EXTRACTED INFORMATION:
○ ○ ○ ○

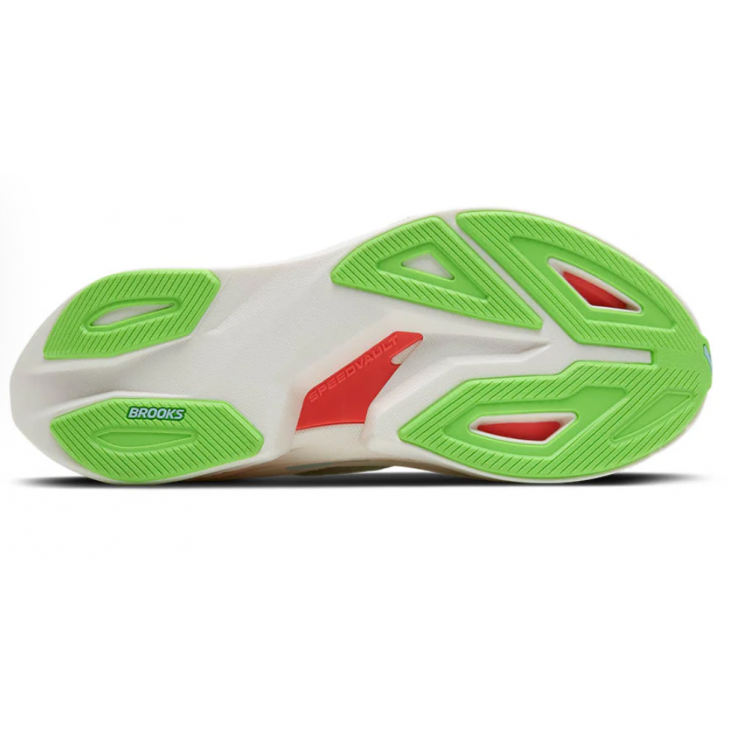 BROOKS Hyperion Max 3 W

○ ○ ○ ○

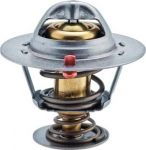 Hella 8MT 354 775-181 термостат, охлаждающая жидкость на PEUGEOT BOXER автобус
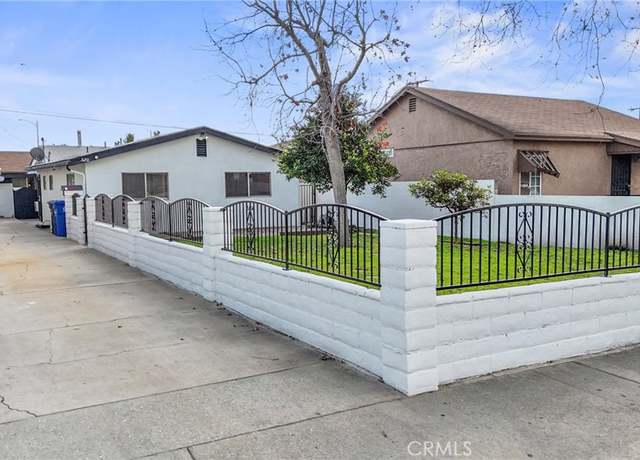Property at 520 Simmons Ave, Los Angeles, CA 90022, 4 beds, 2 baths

○ ○ ○ ○

EXERCISE GOAL: Extract from the material above the stretch running from the line containing "Hella 8MT 354" through the line containing "Property at 520". Keep the text exact and the pictures out.

RESPONSE TO THIS EXERCISE:
 Hella 8MT 354 775-181 термостат, охлаждающая жидкость на PEUGEOT BOXER автобус
Property at 520 Simmons Ave, Los Angeles, CA 90022, 4 beds, 2 baths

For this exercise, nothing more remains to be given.